| Work instruction |
Find the line containing "Промпт: Глубокие архетипы персонажей и арки". Retype it and every later line of the records exactly, leaving out pictures.

| Information |

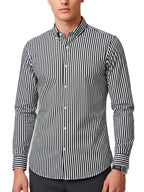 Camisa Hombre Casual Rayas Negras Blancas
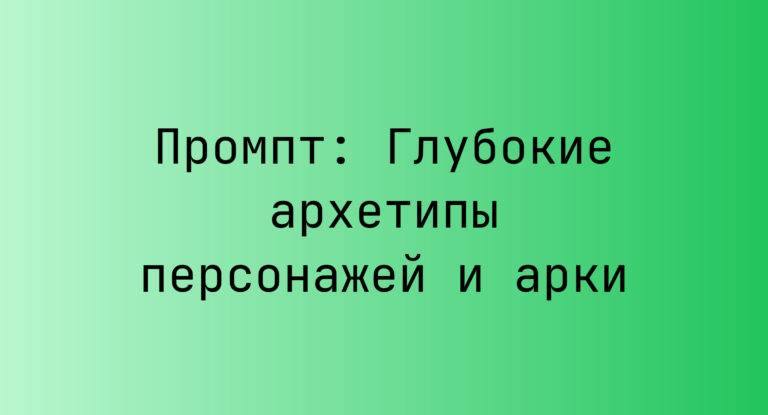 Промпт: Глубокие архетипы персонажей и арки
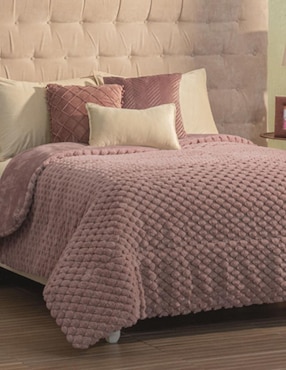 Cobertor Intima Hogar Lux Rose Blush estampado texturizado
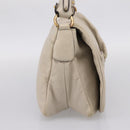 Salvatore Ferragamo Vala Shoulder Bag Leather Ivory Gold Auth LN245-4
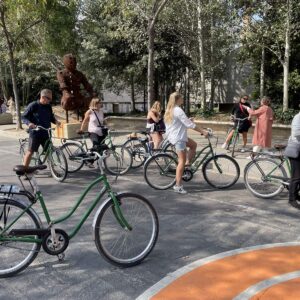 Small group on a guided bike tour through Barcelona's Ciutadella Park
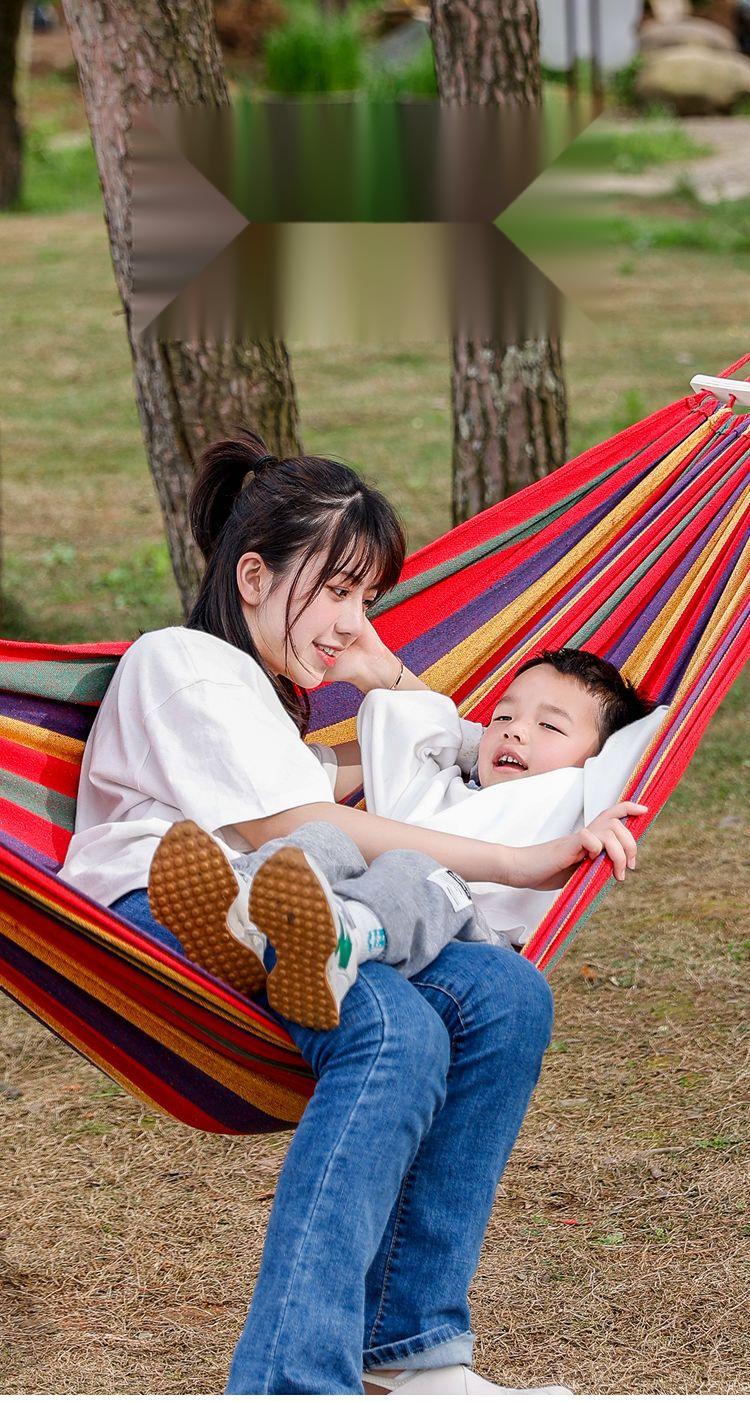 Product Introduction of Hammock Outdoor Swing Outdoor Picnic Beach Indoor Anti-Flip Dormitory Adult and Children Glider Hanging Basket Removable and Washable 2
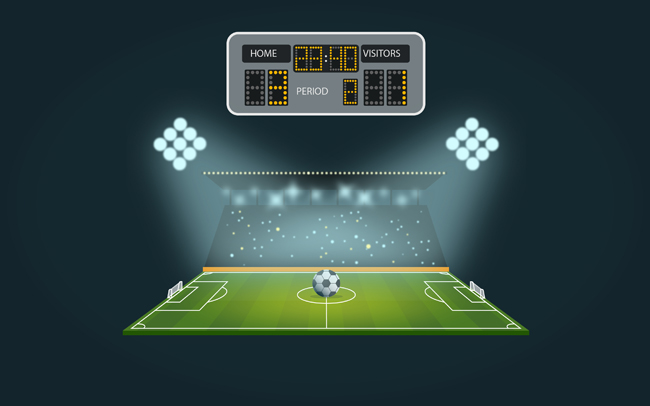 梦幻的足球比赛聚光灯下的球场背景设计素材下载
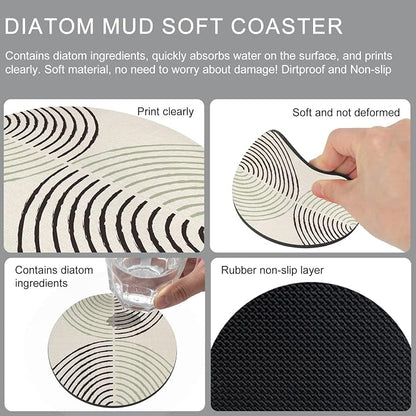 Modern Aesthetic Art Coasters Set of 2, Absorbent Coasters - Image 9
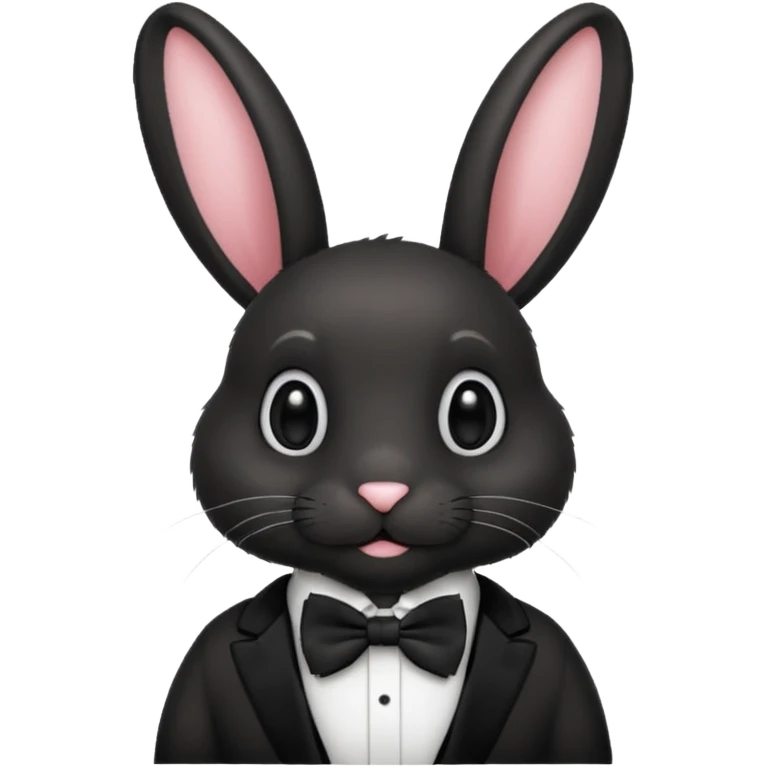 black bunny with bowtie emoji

| Result of the task |
 Промпт: Глубокие архетипы персонажей и арки
 Cobertor Intima Hogar Lux Rose Blush estampado texturizado
 Salvatore Ferragamo Vala Shoulder Bag Leather Ivory Gold Auth LN245-4
 Small group on a guided bike tour through Barcelona's Ciutadella Park
 Product Introduction of Hammock Outdoor Swing Outdoor Picnic Beach Indoor Anti-Flip Dormitory Adult and Children Glider Hanging Basket Removable and Washable 2
 梦幻的足球比赛聚光灯下的球场背景设计素材下载
 Modern Aesthetic Art Coasters Set of 2, Absorbent Coasters - Image 9
 black bunny with bowtie emoji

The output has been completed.